Yes, that's a fair call. But I have another motive.... I want to learn this specific modeling program so i can further my career and what better to test it on than designing something I could use. So if nothing comes of it then at least I have gained more skill which could make me more employable. Plus there is more than one kayak manurfacturer who I could approach.



Davey G said:


> With the cost of developing a new mould and associated fittings etc they'd be hoping/needing to sell several hundred to make the exercise worthwhile. I do believe however that this style of yak would be greatly supported by the yak fishing crowd, and would also be attractive to surf clubs and paddle clubs etc.


Half the development costs are in the design... I could do that for them. Moulds aren't that expensive...10K-25K.... so i could be potentially only need to sell as little as 20 to break even


----------



## reefcheck (Jul 20, 2006)

Fantastic looking ski Duran. I'm very interested in how you may fit her out.

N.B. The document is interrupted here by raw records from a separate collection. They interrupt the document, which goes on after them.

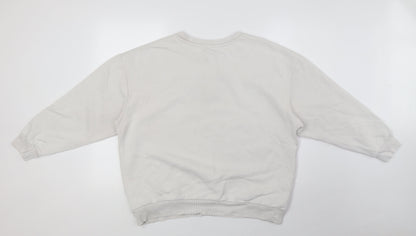 Mens UK Size M River Island White Pullover Sweatshirt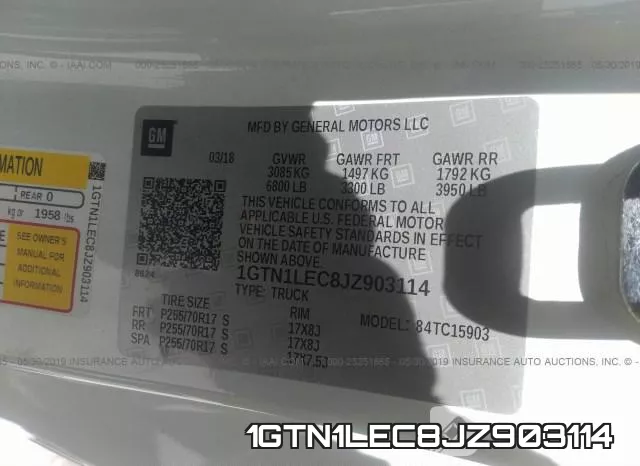 1GTN1LEC8JZ903114 фото 10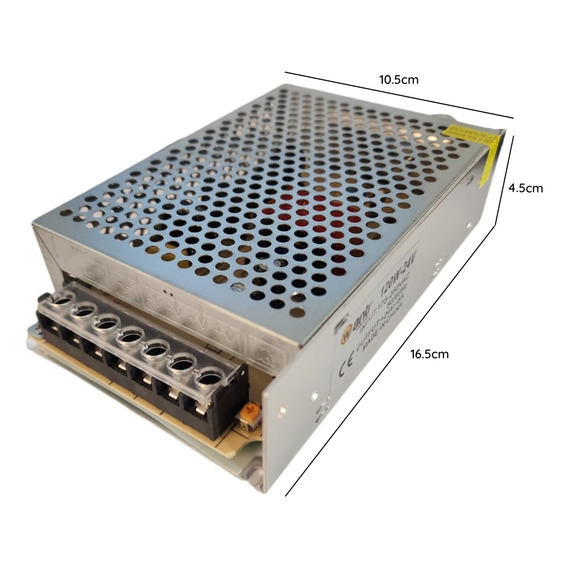 Fuente De Poder 24v 5a 120w Cinta Foco Cámaras Switching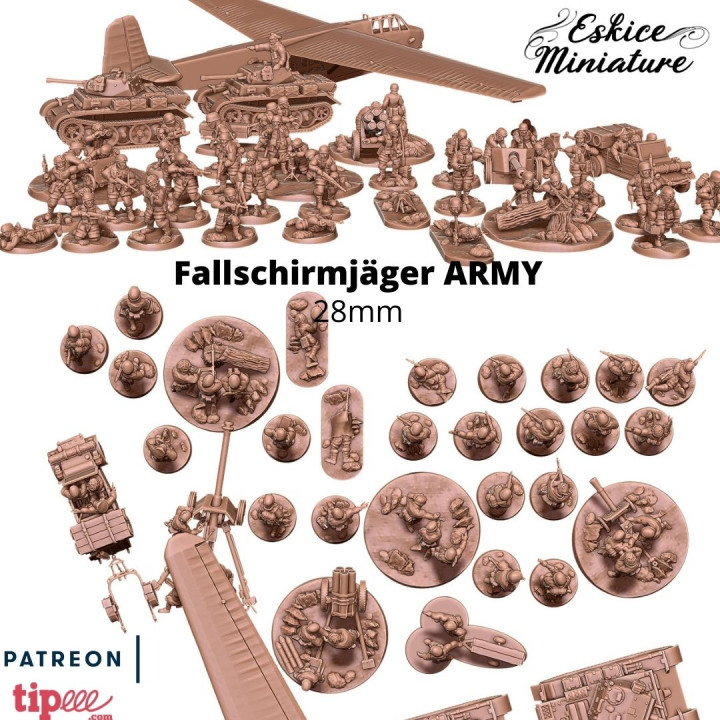 Fallschirmjäger ARMY - 28mm for wargame image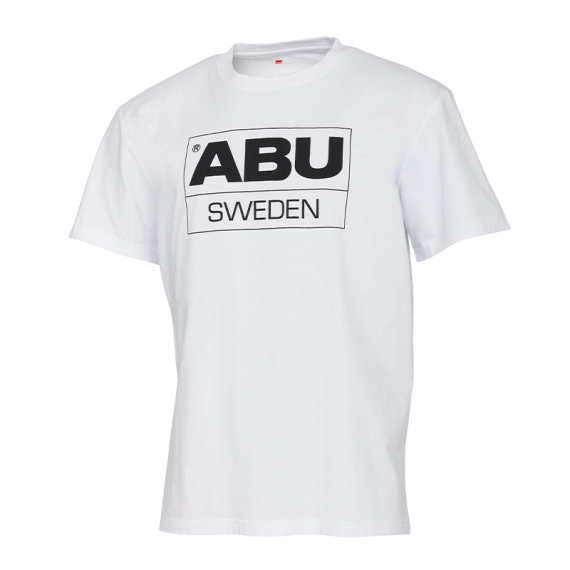 Abu Garcia Legacy Sweden Logo Tee White i gruppen Klær Og Fottøy / Klær / T-Skjorte hos Sportfiskeprylar.se (1642599r)
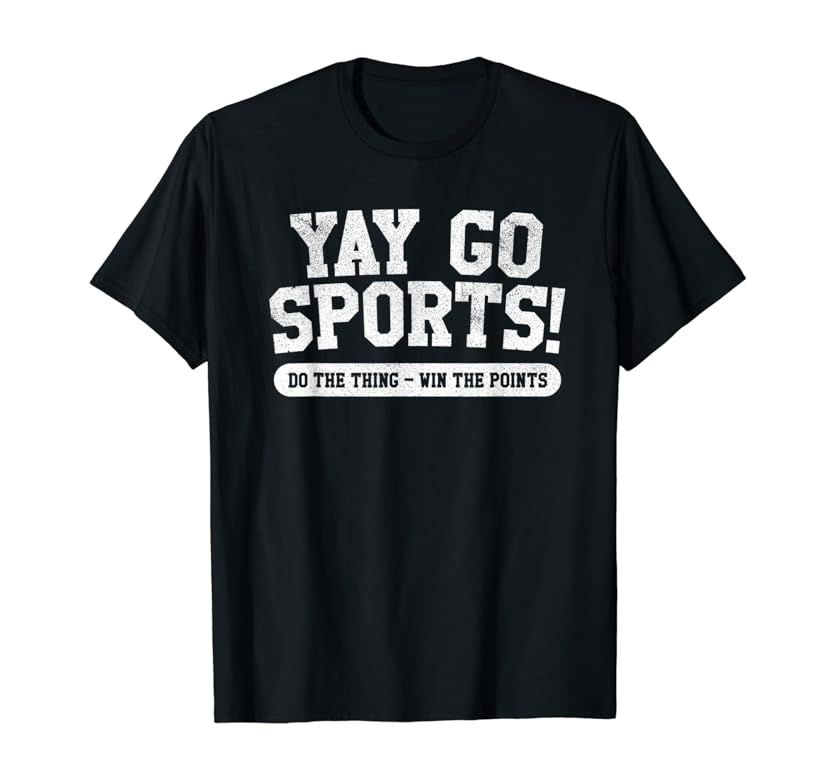 Yay Go Sports! Funny Sports T-Shirt | Amazon (US)
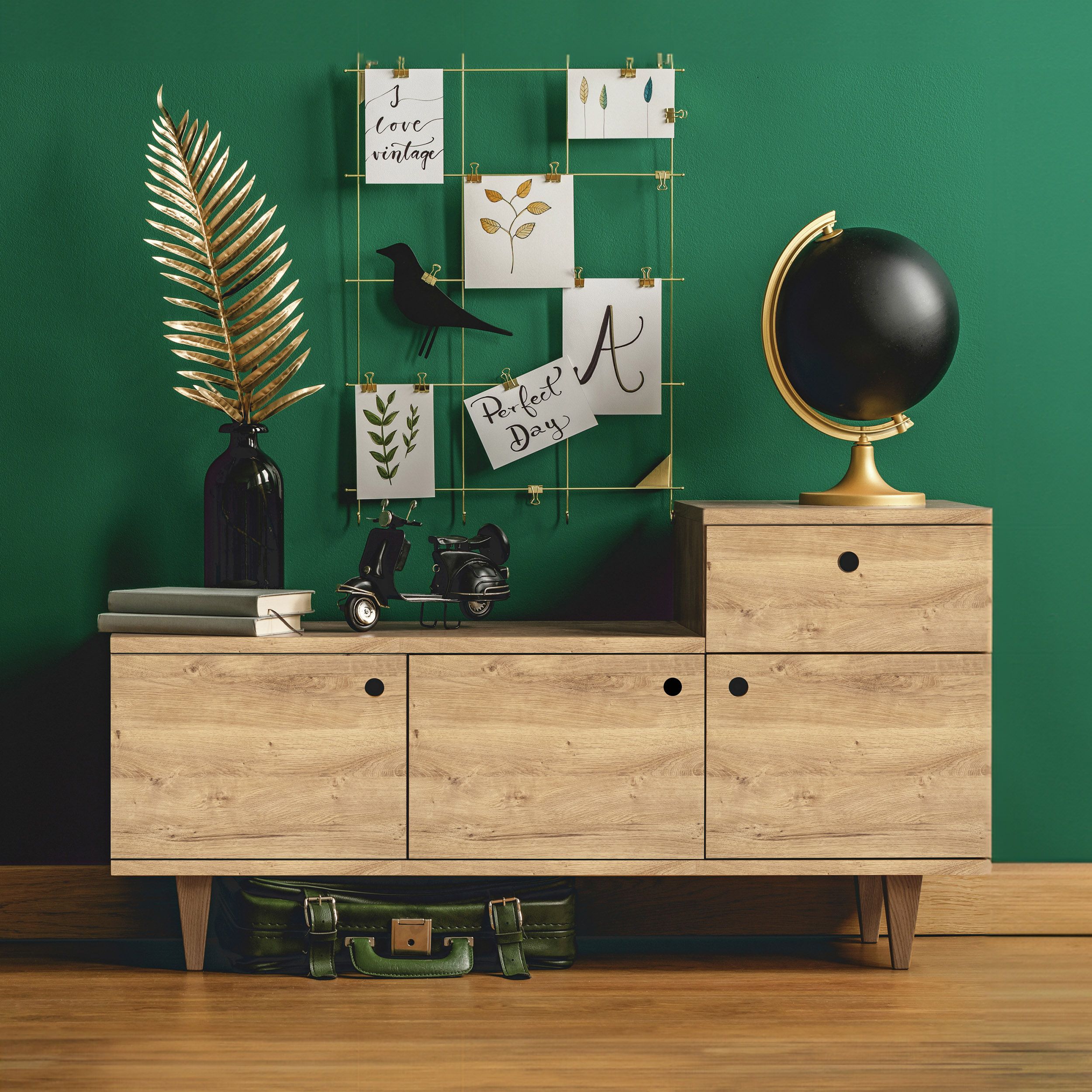 D-C-Fix Ribbeck Matt & satin Oak Woodgrain effect Decorative film (L)2.1m (W)900mm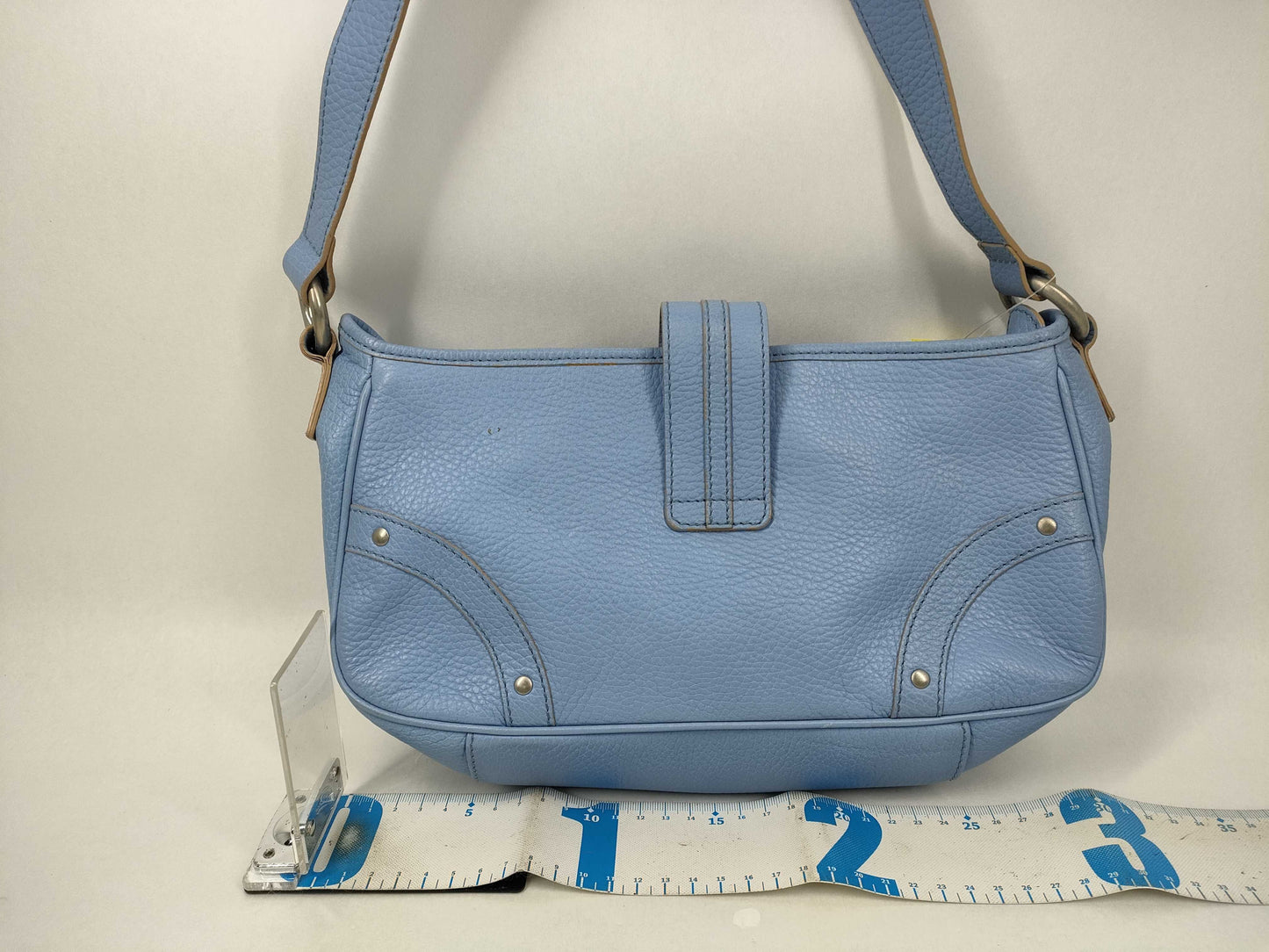 BURBERRY London Leather One-Shoulder Shoulder Bag with Nova Check Interior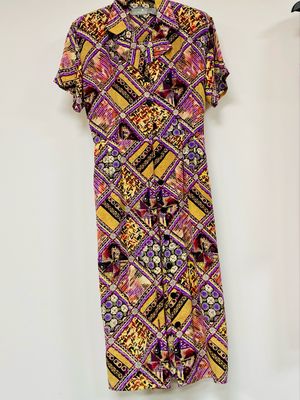 vintage LIZ CLAIBORNE 100% silk dress size 8 Petite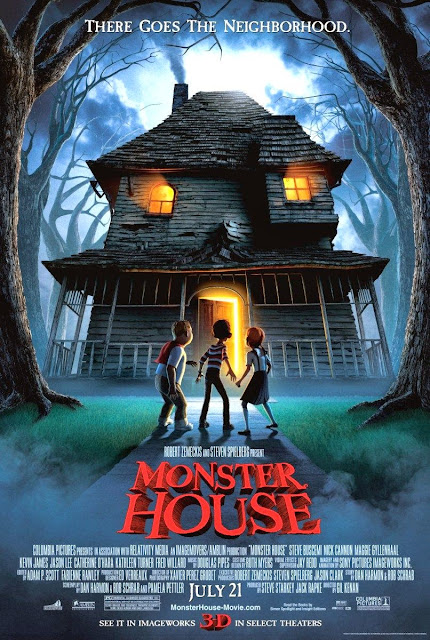 Keep track of 3 kids in the "Monster house" film to discover that their neighbor's house is really a living, breathing, scary monster.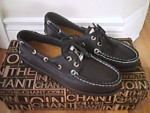 NEW Women's Black CHANT 8.5 M casual boat shoes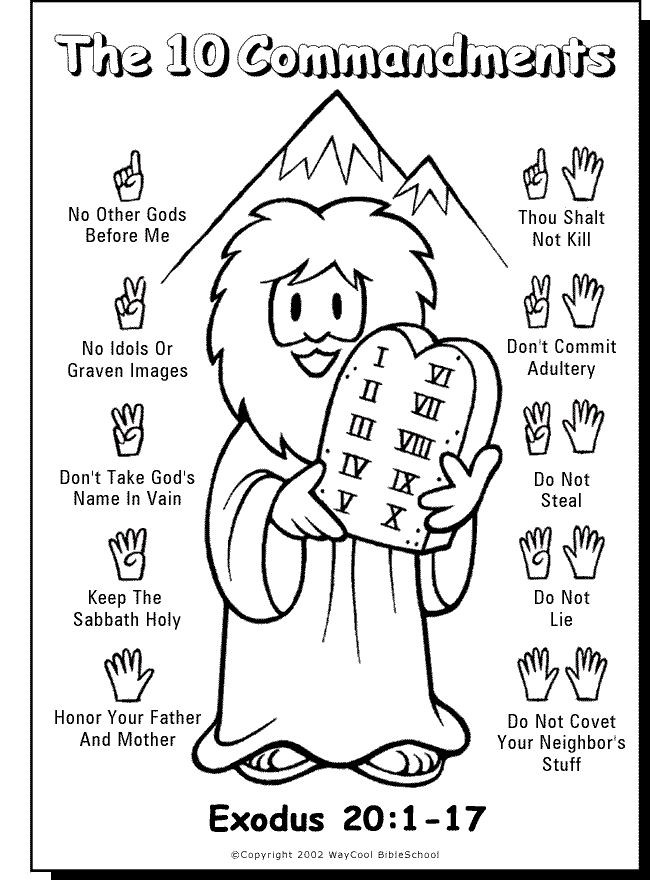 650x880 Free Printable Ten Commandments Coloring Pages New 140 Best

I have a macski kinfisher from South Africa that looks almost identical. Central large hatch, built in holders, rear tank/storage etc,It's been great in both surf launches and estuary fishing, but is 4.35m long and weighs around 29kg. Getting the weight down via the vacuum bagging tech of whatever is fantastic and is about the only major thing I would change on mine. I'd kill for 21kg when putting it on top of my 4WD!


----------



## Ash (Jun 13, 2007)

Guys you can get new Stealths (All 3 models BFS, Supalite and Supalite X) from Ranger Outdoors Osbourne Park (Perth) the guy is regular on the fishing skis and owns a Stealth BFS himself - you can get delivery to major capital citys for around $100.00.

:lol: Ash


----------



## garrick (Sep 2, 2006)

Hay Ash while you are in Perth, what are the chances of getting some specs on the forum of all 3 stealth models. At least that would give all interested parties a better idea of what we are talking about.


----------